Pasé casi tres años discerniendo mi vocación en un monasterio benedictino, en Estados Unidos. Ese periodo fue uno de los más bellos de mi vida, pero también uno de los más dolorosos.
En 2002, cuando estaba en mi último año de secundaria, el escándalo de los abusos sexuales por parte del clero estaba en todos los titulares. Seis años más tarde, cuando entré a una abadía benedictina, pensé que el escándalo había pasado. Me equivoqué. Desafortunadamente, muchos hombres habían abrazado la vida religiosa no para buscar al Señor, sino para buscar a otros hombres… En mi primer año, rechacé en dos ocasiones las insinuaciones inapropiadas de un superior.
Gracias a Dios y a Nuestra Señora, fui protegido “físicamente”, pero emocionalmente quedé herido. Después de pedirle a este superior que me dejara en paz, comprendí que debía abandonar el monasterio inmediatamente. Me hubiera ido antes, pero no quería decepcionar a Dios, pues ya había hecho mis primeros votos. Durante casi tres años desde que entré en la abadía, me consumía la ansiedad, principalmente por las pretensiones de este superior.
Finalmente me dije “basta” y llamé a mi hermano para contarle mi situación. Inmediatamente llamó a mi madre y le dijo que viniera a buscarme. Informé a mi superior inmediato y al prior que me iba. Mientras los monjes hacían sus oraciones vespertinas, yo recogí mis pocas pertenencias.

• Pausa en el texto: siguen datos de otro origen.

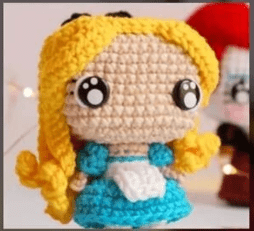 Una Muñeca De Crochet Con Largo Cabello Amarillo Grandes Ojos Redondos Vestida Con Un Vestido Azul Y Un Delantal Blanco La Muñeca Tiene Una Linda Apariencia De Estilo Chibi El Fondo Borroso Incluye Otra Figura Tejida a Crochet Con Cabello Rojo mira El Tutorial De Amigurumi En Español Para Ver Creaciones Adorables Similares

Miré alrededor de mi celda, ahora vacía y, por primera vez en casi tres años, ¡sentí la paz más grande que jamás haya conocido en mi vida! No vi a Nuestra Señora, pero sentí su presencia. Y en mi corazón oí su voz que me decía: “Hijo mío, es hora de partir”. Sí, María estuvo en mi celda de monje el 4 de octubre de 2010 y me acompañó hasta la puerta del monasterio, donde me esperaba mi madre.
Patrick O’Hearn, 5 de enero de 2024.